[Items from a dataset]
◇ ◇ ◇ ◇ ◇ ◇ ◇

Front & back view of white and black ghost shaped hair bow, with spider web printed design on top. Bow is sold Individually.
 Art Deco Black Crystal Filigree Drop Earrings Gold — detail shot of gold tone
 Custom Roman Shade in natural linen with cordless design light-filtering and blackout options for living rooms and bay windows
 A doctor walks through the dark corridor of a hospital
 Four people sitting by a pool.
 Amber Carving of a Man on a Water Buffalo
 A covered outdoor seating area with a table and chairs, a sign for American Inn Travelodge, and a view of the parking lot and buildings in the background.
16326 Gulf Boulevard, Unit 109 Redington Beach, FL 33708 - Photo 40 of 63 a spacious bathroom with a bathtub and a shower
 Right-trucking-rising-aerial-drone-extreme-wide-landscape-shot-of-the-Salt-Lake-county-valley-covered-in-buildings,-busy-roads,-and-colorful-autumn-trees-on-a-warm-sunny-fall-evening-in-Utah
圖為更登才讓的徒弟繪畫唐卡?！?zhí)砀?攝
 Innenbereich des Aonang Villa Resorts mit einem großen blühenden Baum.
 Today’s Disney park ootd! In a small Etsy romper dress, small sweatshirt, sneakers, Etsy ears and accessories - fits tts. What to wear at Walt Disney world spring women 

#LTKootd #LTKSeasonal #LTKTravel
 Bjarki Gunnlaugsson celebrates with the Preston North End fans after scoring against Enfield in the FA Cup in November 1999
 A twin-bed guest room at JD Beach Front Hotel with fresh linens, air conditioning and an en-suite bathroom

◇ ◇ ◇ ◇ ◇ ◇ ◇

◆ ACTION ITEM: Your output should be the lines from the one with "A doctor walks" through the end of the records above, copied exactly.

◆ TASK SOLUTION:
 A doctor walks through the dark corridor of a hospital
 Four people sitting by a pool.
 Amber Carving of a Man on a Water Buffalo
 A covered outdoor seating area with a table and chairs, a sign for American Inn Travelodge, and a view of the parking lot and buildings in the background.
16326 Gulf Boulevard, Unit 109 Redington Beach, FL 33708 - Photo 40 of 63 a spacious bathroom with a bathtub and a shower
 Right-trucking-rising-aerial-drone-extreme-wide-landscape-shot-of-the-Salt-Lake-county-valley-covered-in-buildings,-busy-roads,-and-colorful-autumn-trees-on-a-warm-sunny-fall-evening-in-Utah
圖為更登才讓的徒弟繪畫唐卡?！?zhí)砀?攝
 Innenbereich des Aonang Villa Resorts mit einem großen blühenden Baum.
 Today’s Disney park ootd! In a small Etsy romper dress, small sweatshirt, sneakers, Etsy ears and accessories - fits tts. What to wear at Walt Disney world spring women 

#LTKootd #LTKSeasonal #LTKTravel
 Bjarki Gunnlaugsson celebrates with the Preston North End fans after scoring against Enfield in the FA Cup in November 1999
 A twin-bed guest room at JD Beach Front Hotel with fresh linens, air conditioning and an en-suite bathroom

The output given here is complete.